Abstract : In this approach, counselling is considered as a co-construction relational process. The counsellor, as he is aware of intersubjective influence processes, develops a « self-reflexive consciousness in the relationship », in order to help his client’s change and decision making.

This point of view about counselling, training and supervision is based on the research of common factors in therapy, infering what is an « efficient » counsellor. The results underline that the major part of change is due to the therapist’s characteristics. It is noteworthy that the efficacy of technics and approaches lie above all on the counsellor’s variables and on the quality of relationship and alliance with his client.

These statements are the theoretical basement of a training and supervision methodology for counsellors.

Key-words : counselling, training, supervision, LECOMTE’s methodology

 

 

L’entretien de conseil : l'importance de la relation. Un cadre théorique et une méthode de formation.

 

Pour accompagner à l’orientation aux différents âges de la vie, le professionnel doit posséder de multiples compétences, dans différents registres.

Sa professionnalité concerne les processus d’orientation qui s’inscrivent dans les phénomènes de société. Son travail consiste à aider des personnes à établir des liens entre les buts qu’elles poursuivent et les contraintes liées aux contextes socio-économiques. Face aux transformations des sociétés, le conseiller a besoin de théories pour analyser comment l’orientation s’inscrit dans ces nouveaux contextes.

Par ailleurs, les personnes qu’il accompagne vivent des difficultés d’insertion, des moments de transition, de rupture, de déconstruction et de reconstruction identitaire liés au chômage important et à l’instabilité du travail qui caractérisent l’économie mondialisée postmoderne. Des modèles d’analyse de ces phénomènes, arment le conseiller dans son accompagnement. Ils donnent des repères.

Ces théories et ces repères importants ne sont pas suffisants. Il faut aussi que le conseiller ait acquis une capacité à accompagner ses consultants avec respect et efficacité dans l’ici et maintenant de l’entretien. Pour accompagner dans des situations de crise qui génèrent des vécus difficiles, ou dans des transitions déstabilisantes, le conseiller a besoin de repères par rapport à lui-même, par rapport à sa régulation en situation relationnelle. Il a aussi besoin de prendre de la distance par rapport à certaines injonctions de l’institution, pour rester au service de la personne.

Il s’agit pour le conseiller de développer une conscience de soi et de ce qui se joue dans la relation, conscience qui lui donnera suffisamment de solidité intrapsychique pour à la fois écouter son consultant et résister aux injonctions afin d’accompagner de manière optimale. Notre travail se focalise sur ce point.

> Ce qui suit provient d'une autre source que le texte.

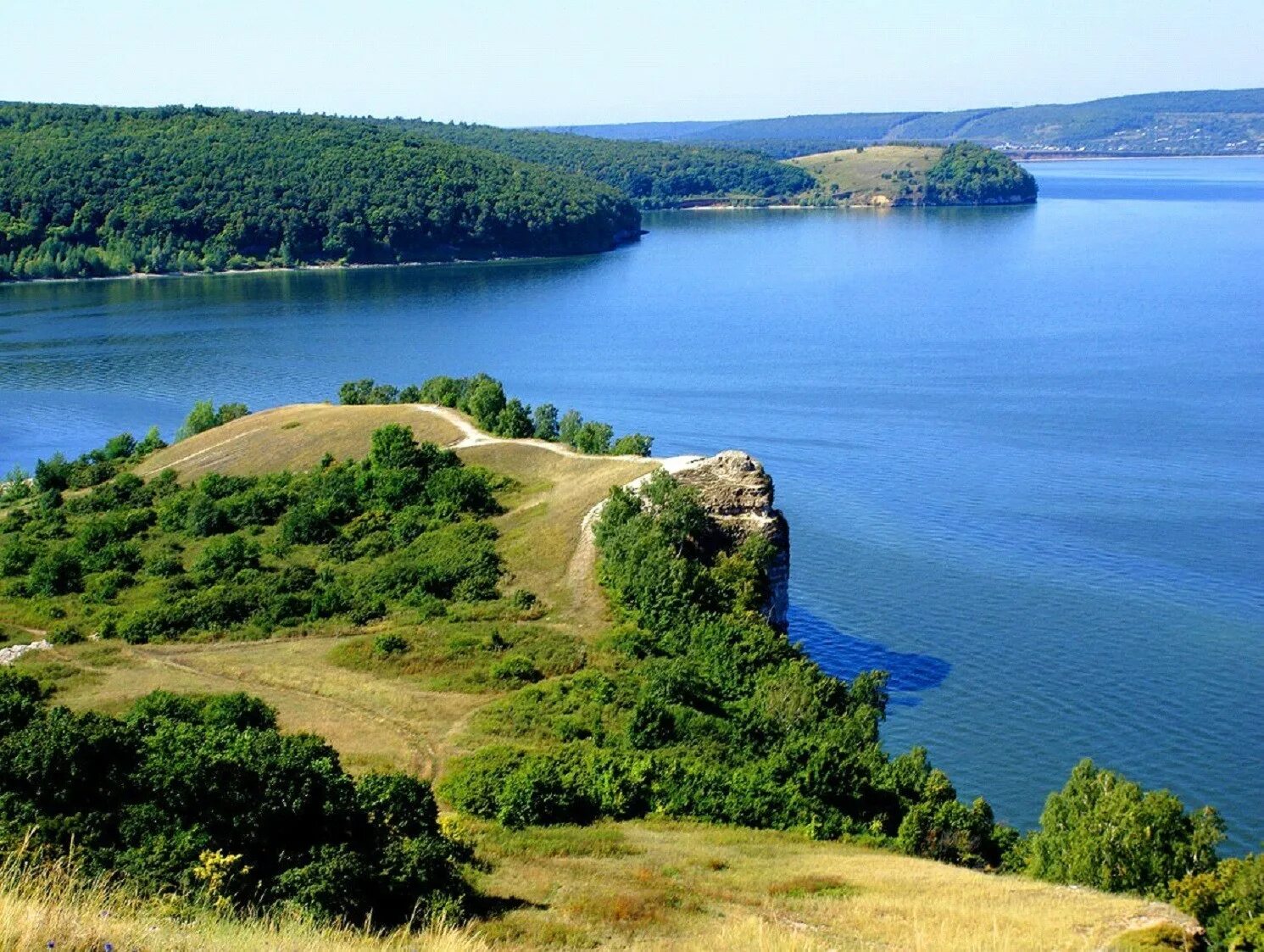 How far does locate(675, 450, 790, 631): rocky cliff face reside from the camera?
44031mm

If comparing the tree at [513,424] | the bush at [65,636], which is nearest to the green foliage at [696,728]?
the bush at [65,636]

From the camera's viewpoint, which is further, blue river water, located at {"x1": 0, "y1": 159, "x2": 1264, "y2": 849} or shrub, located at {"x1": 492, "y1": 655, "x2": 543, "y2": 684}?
blue river water, located at {"x1": 0, "y1": 159, "x2": 1264, "y2": 849}

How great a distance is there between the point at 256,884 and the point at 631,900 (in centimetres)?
537

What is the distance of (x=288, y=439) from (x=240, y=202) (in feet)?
392

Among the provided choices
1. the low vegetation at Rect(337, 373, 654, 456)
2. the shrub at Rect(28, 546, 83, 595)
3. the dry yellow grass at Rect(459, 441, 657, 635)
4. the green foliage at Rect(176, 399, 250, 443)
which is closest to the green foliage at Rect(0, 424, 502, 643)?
the shrub at Rect(28, 546, 83, 595)

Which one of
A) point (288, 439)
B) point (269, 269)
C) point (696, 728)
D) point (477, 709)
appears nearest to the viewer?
point (696, 728)

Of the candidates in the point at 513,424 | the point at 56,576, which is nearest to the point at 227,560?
the point at 56,576

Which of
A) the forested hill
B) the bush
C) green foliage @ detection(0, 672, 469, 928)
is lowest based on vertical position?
the bush

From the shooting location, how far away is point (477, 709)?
1340 inches

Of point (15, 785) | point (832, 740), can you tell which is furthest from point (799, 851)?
point (15, 785)

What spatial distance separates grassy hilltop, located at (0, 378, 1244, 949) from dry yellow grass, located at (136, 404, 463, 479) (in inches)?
8.7

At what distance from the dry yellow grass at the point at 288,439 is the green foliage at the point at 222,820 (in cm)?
3693

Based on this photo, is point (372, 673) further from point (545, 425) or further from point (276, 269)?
point (276, 269)

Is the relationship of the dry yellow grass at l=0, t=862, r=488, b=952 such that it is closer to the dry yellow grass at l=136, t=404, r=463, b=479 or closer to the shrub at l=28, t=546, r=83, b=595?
the shrub at l=28, t=546, r=83, b=595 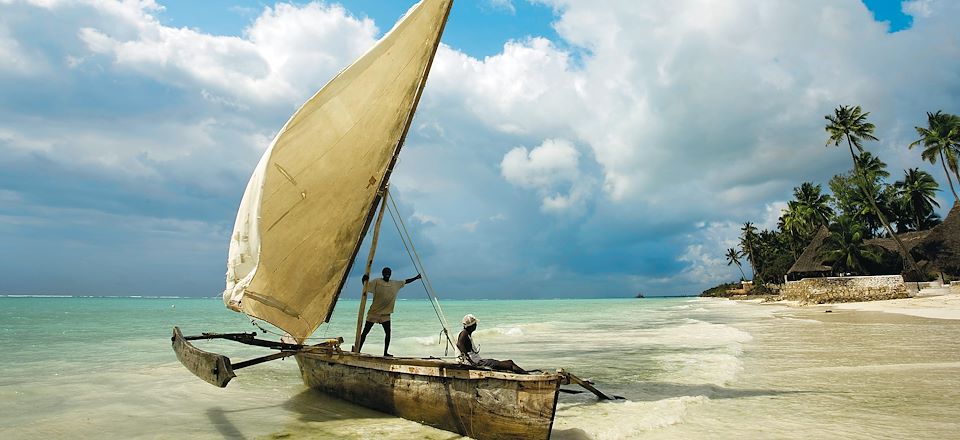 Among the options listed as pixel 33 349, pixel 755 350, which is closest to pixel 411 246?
pixel 755 350

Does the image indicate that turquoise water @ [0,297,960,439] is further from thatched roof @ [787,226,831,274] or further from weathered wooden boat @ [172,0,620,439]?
thatched roof @ [787,226,831,274]

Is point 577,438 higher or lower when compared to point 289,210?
lower

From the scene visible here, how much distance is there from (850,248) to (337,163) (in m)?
52.3

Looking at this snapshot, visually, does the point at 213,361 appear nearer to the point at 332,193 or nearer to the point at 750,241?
the point at 332,193

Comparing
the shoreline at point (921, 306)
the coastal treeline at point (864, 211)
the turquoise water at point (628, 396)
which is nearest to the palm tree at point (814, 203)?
the coastal treeline at point (864, 211)

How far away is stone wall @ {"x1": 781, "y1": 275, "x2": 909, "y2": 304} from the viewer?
39344 millimetres

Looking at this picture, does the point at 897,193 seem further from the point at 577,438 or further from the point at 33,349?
the point at 33,349

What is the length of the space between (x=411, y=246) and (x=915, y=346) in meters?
15.0

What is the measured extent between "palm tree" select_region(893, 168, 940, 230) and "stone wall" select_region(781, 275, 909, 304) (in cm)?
1959

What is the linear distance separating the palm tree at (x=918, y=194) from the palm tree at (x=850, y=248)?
1433cm

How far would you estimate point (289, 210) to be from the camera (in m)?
8.46

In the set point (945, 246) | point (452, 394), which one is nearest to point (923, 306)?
point (945, 246)

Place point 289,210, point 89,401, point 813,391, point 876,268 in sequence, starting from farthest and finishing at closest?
point 876,268 → point 89,401 → point 813,391 → point 289,210

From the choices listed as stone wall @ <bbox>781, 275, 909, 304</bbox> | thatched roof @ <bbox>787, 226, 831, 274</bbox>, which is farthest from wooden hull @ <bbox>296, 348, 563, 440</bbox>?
thatched roof @ <bbox>787, 226, 831, 274</bbox>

Notre démarche prend en compte les recherches sur les facteurs communs en relation d’aide, en particulier les travaux de C. LECOMTE, et opérationnalise ces recherches dans une méthodologie de formation et de supervision de l’entretien de conseil.

De multiples méta-analyses, corroborées par notre expérience clinique, soulignent l’importance des caractéristiques liées aux professionnels de l’orientation eux-mêmes dans l’impact de leurs interventions. Elles montrent que la qualité des résultats obtenus, doit beaucoup plus aux différences entre intervenants qu’aux différences entre techniques ou méthodes. Partant de ces résultats, C. LECOMTE propose de dessiner un profil des intervenants « efficaces ». Ses travaux soulignent que l’efficacité, repose avant tout, sur l’influence déterminante des caractéristiques du psychologue et sur la qualité de la relation qu’il établit avec son consultant. Des résultats positifs sont obtenus quand le modèle utilisé, les techniques et les caractéristiques relationnelles de l’intervenant font sens, ensemble. Les implications de ces constats sont au centre de nos préoccupations de formateurs superviseurs.

 

L’entretien de conseil

Dans le cadre de l’accompagnement à l’orientation aux différents âges de la vie, l’entretien individuel est un dispositif utilisé dans différents contextes : orientation scolaire, orientation des jeunes en situation d’insertion, adultes vivant des transitions, bénéficiaires de bilan de compétences, candidats à une VAE...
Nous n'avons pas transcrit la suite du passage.